WHAT TO PRODUCE:
When you reach the line holding "bathtub Newly Renovated" in the material below, return that line and each one after it, word for word, with the pictures dropped.

RECORDS TO PROCESS:
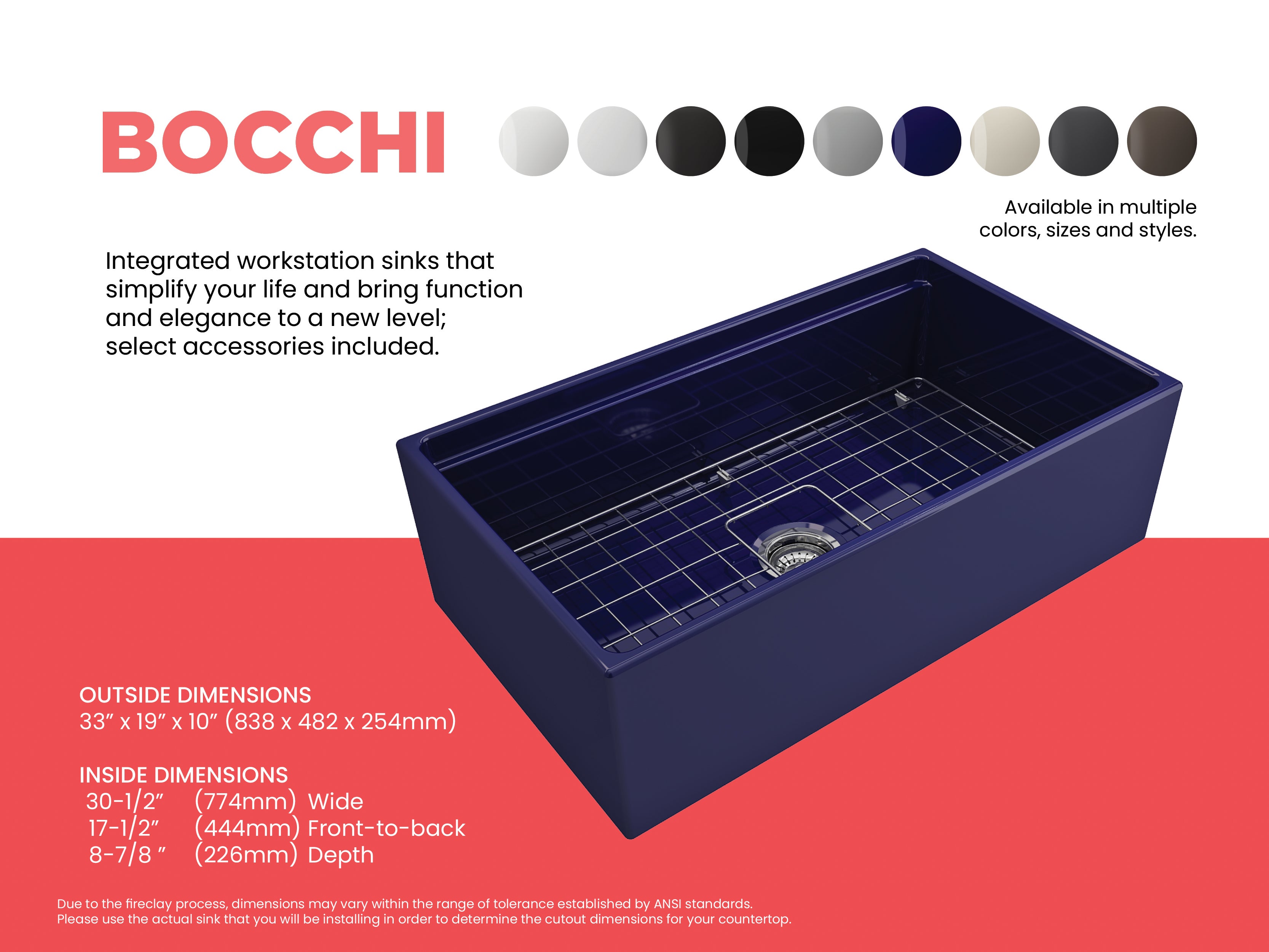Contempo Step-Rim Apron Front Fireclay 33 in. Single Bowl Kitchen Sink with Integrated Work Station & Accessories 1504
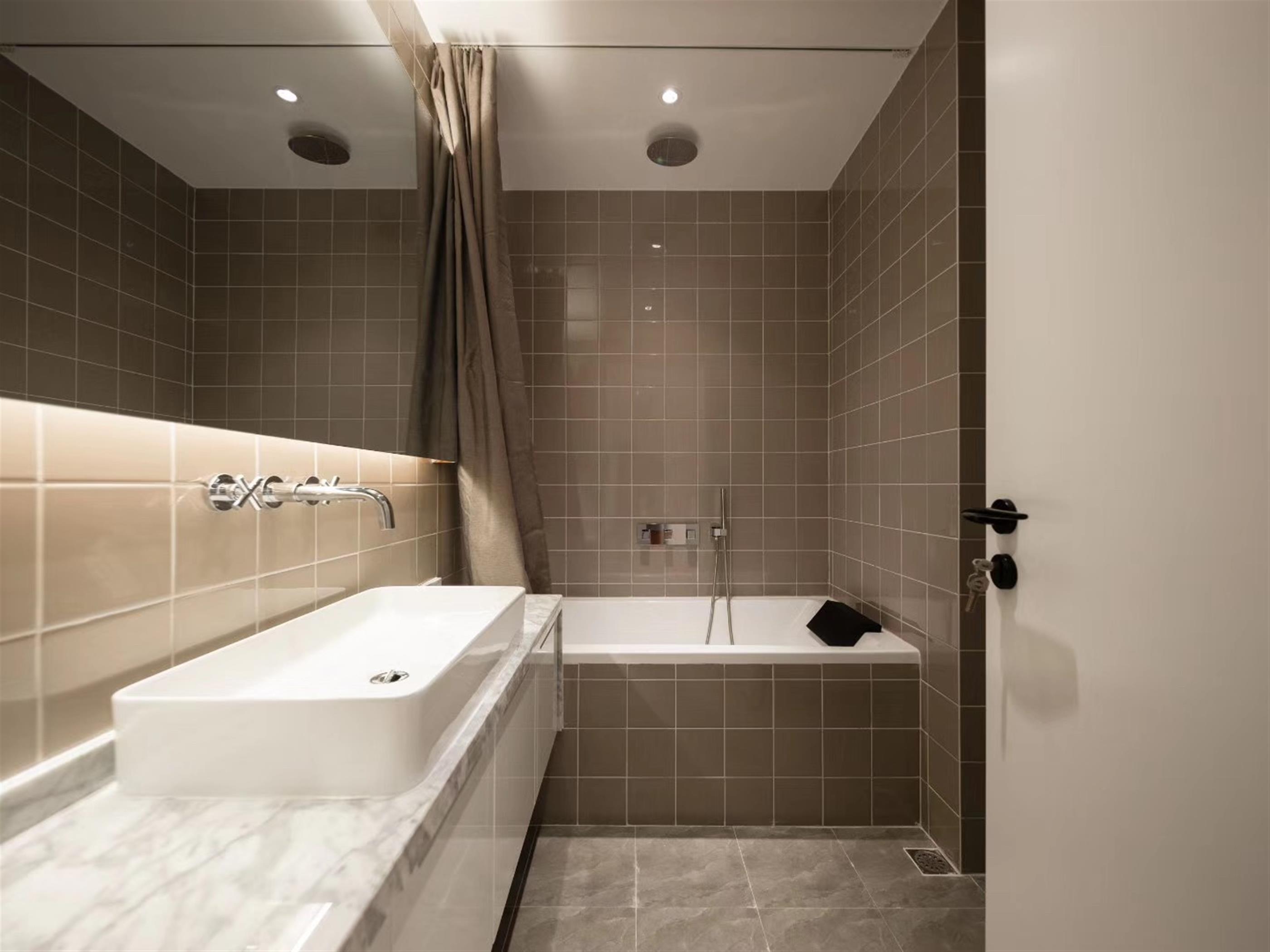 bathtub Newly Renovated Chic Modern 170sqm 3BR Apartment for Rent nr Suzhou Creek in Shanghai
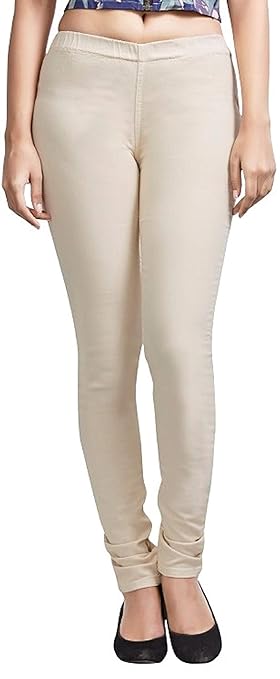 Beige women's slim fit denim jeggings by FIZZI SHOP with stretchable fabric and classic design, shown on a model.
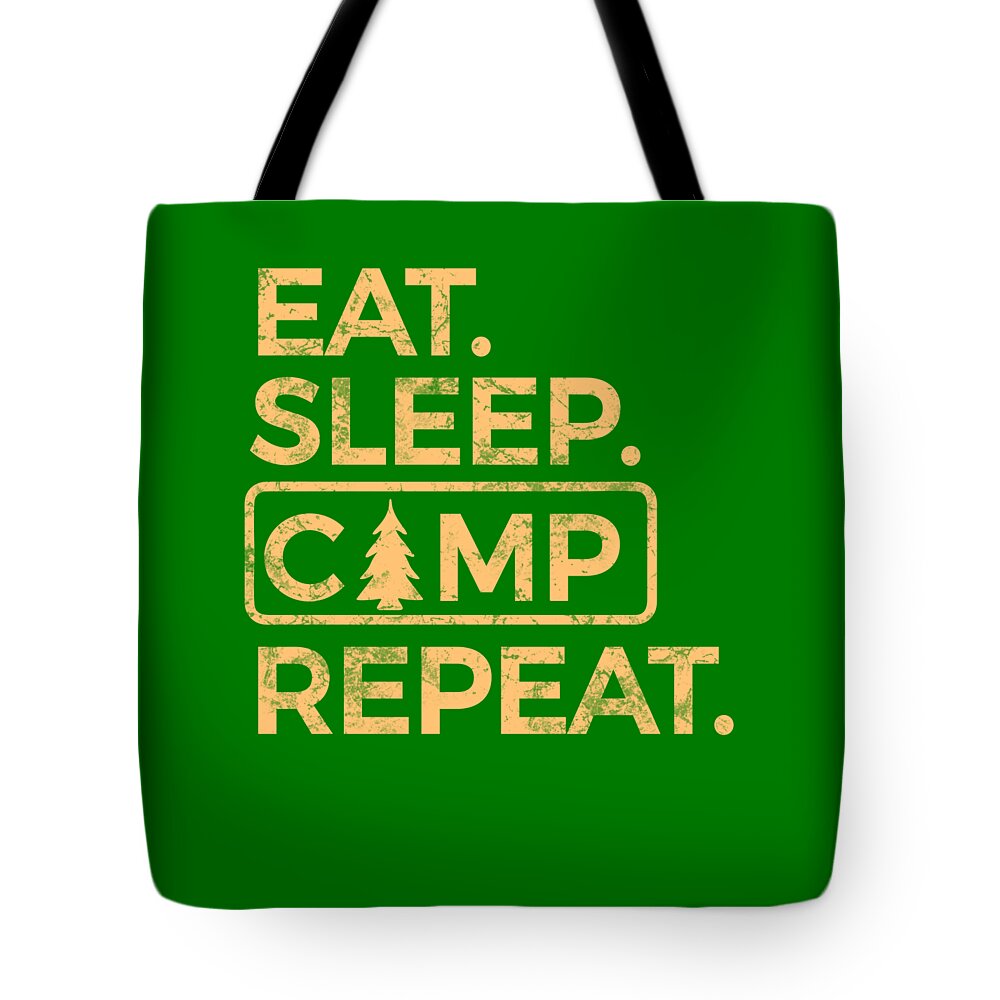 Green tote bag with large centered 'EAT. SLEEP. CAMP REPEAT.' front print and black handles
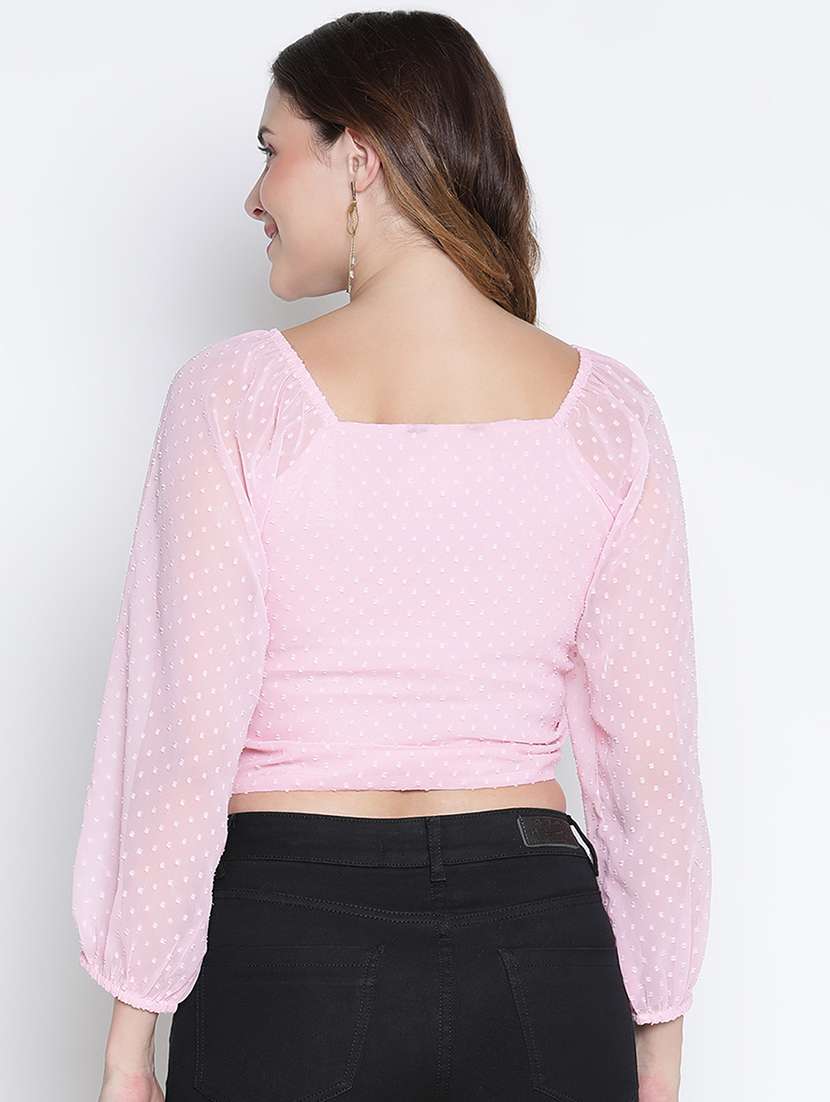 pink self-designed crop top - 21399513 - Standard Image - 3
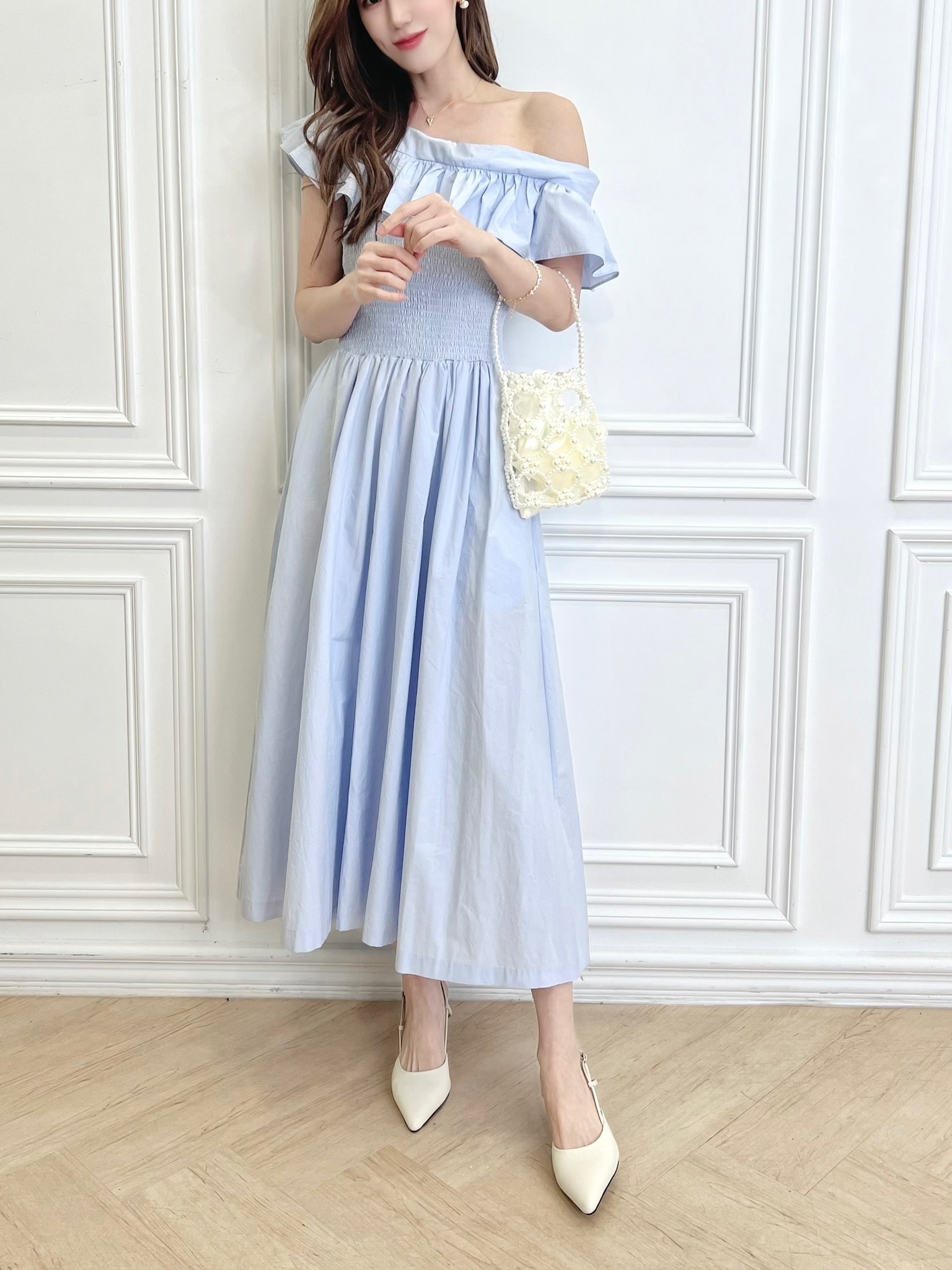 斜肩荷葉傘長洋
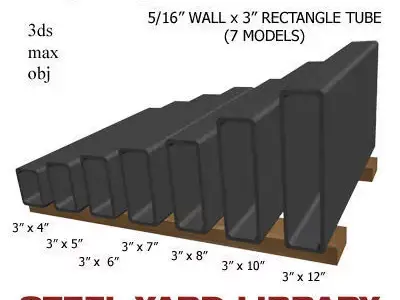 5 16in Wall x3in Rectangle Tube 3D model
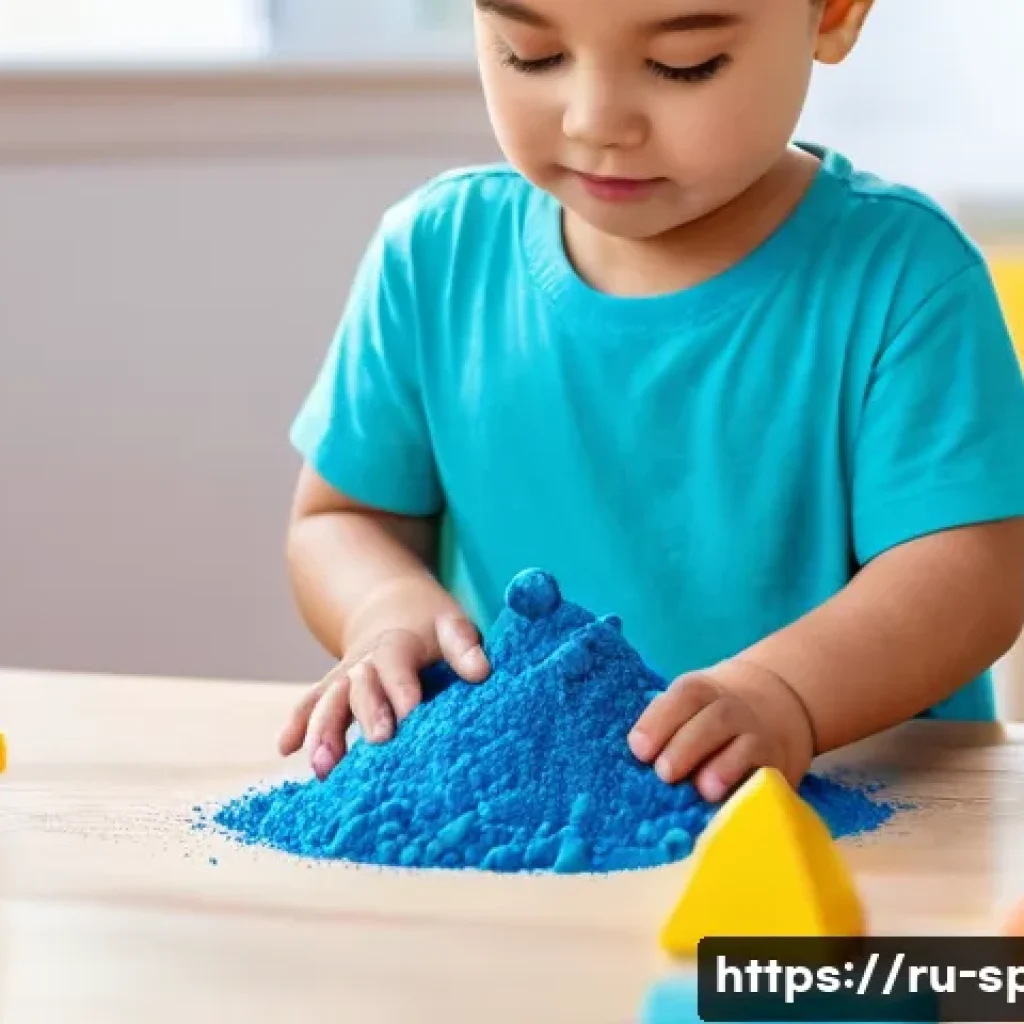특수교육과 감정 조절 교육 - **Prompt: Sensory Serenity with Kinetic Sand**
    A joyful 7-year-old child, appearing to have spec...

RESPONSE TO THE TASK:
 bathtub Newly Renovated Chic Modern 170sqm 3BR Apartment for Rent nr Suzhou Creek in Shanghai
 Beige women's slim fit denim jeggings by FIZZI SHOP with stretchable fabric and classic design, shown on a model.
 Green tote bag with large centered 'EAT. SLEEP. CAMP REPEAT.' front print and black handles
 pink self-designed crop top - 21399513 - Standard Image - 3
 斜肩荷葉傘長洋
 5 16in Wall x3in Rectangle Tube 3D model
특수교육과 감정 조절 교육 - **Prompt: Sensory Serenity with Kinetic Sand**
    A joyful 7-year-old child, appearing to have spec...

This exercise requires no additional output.